[EXTRACTED MATERIAL Boundary: Start]

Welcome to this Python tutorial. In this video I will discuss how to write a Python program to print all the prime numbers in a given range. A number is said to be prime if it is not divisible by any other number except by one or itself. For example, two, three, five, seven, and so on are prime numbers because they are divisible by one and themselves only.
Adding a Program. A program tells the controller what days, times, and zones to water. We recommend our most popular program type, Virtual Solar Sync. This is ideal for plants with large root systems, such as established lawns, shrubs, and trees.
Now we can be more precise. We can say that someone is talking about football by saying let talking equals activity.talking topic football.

[EXTRACTED MATERIAL Boundary: End]
[EXTRACTED MATERIAL Boundary: Start]

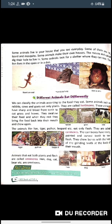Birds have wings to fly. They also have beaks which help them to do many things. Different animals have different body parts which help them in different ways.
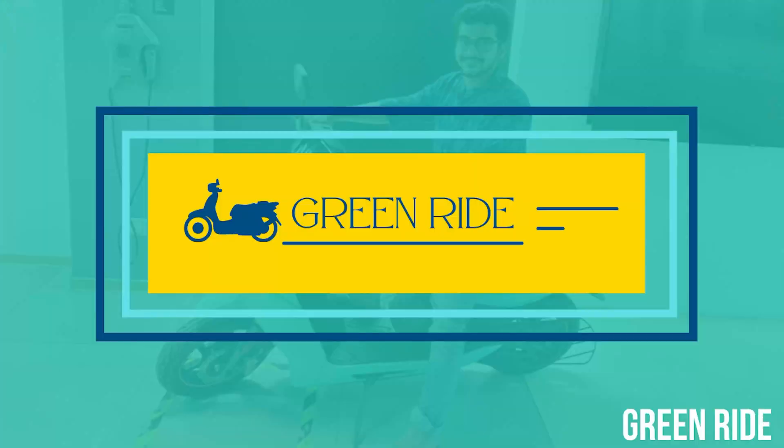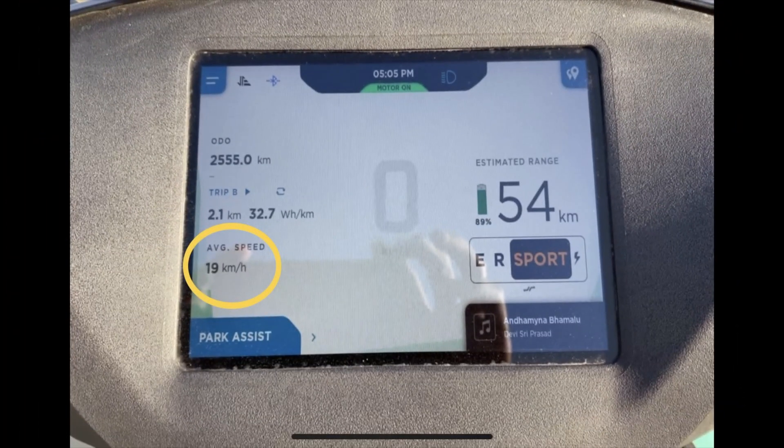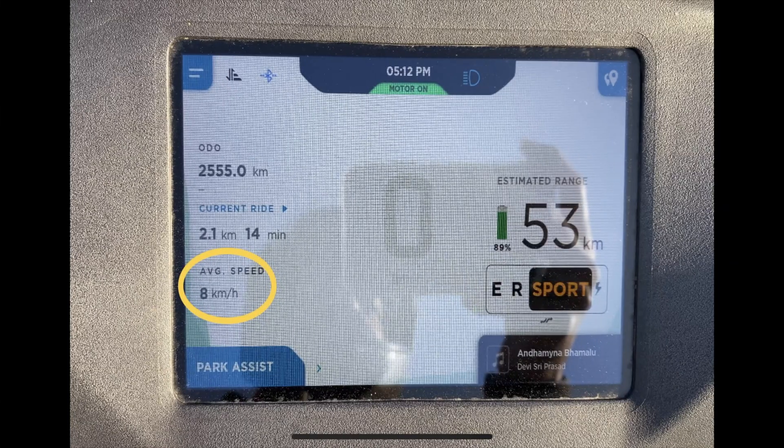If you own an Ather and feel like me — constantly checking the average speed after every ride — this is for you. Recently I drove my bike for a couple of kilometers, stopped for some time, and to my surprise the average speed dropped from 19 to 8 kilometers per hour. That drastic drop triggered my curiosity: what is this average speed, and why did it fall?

[EXTRACTED MATERIAL Boundary: End]
[EXTRACTED MATERIAL Boundary: Start]

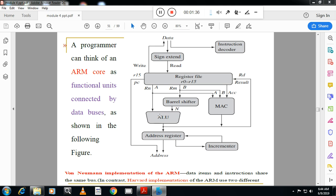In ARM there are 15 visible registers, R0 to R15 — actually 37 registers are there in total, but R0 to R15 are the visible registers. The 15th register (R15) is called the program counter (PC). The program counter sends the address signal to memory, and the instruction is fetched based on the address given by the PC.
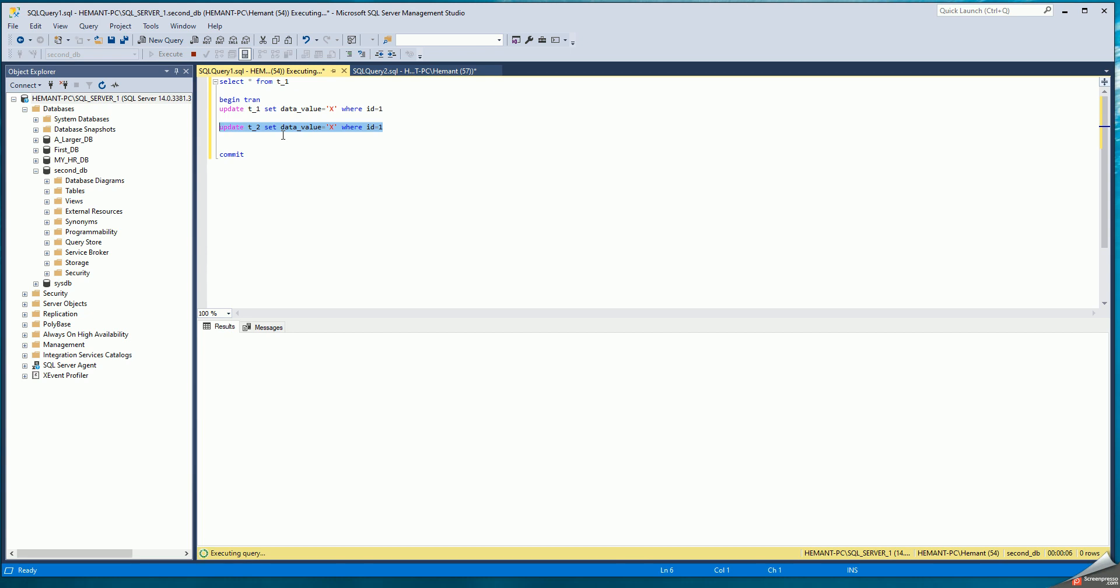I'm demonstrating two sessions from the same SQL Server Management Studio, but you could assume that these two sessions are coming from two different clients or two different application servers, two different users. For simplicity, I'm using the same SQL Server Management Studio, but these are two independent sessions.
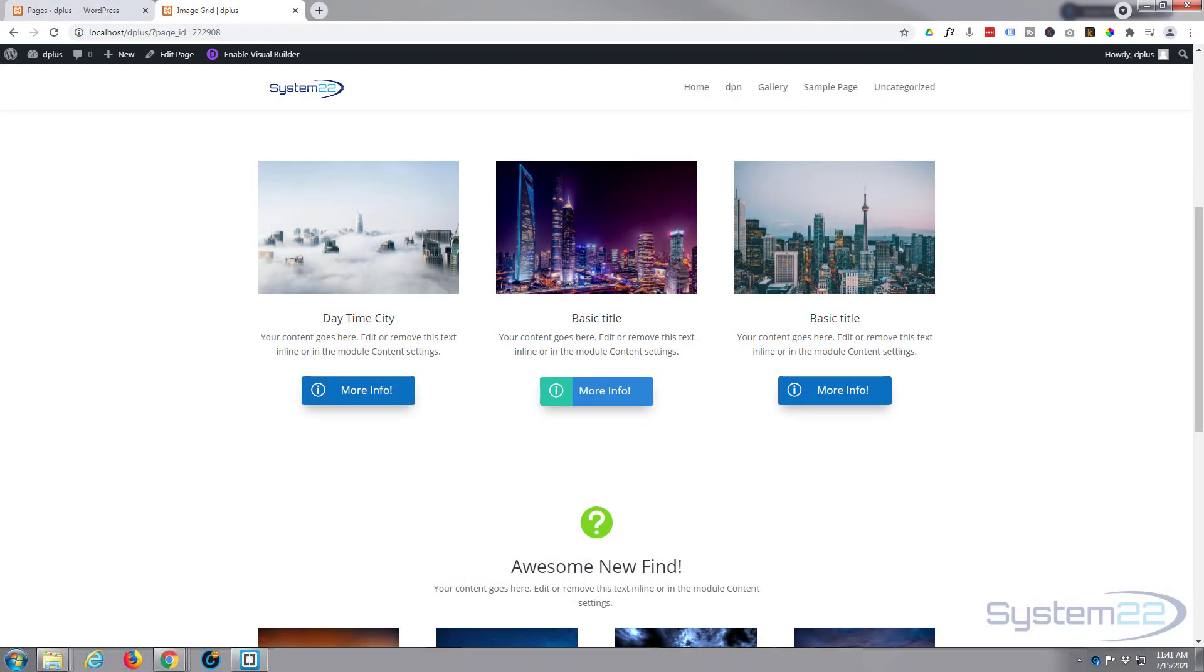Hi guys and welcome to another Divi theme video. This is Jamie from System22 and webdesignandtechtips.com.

[EXTRACTED MATERIAL Boundary: End]

WHAT YOU ARE ASKED TO DO
Above are the records. Copy word for word only their lines from the one holding "I'm demonstrating two" through the one holding "Hi guys and", both included, and skip the images.

EXERCISE RESULT
I'm demonstrating two sessions from the same SQL Server Management Studio, but you could assume that these two sessions are coming from two different clients or two different application servers, two different users. For simplicity, I'm using the same SQL Server Management Studio, but these are two independent sessions.
Hi guys and welcome to another Divi theme video. This is Jamie from System22 and webdesignandtechtips.com.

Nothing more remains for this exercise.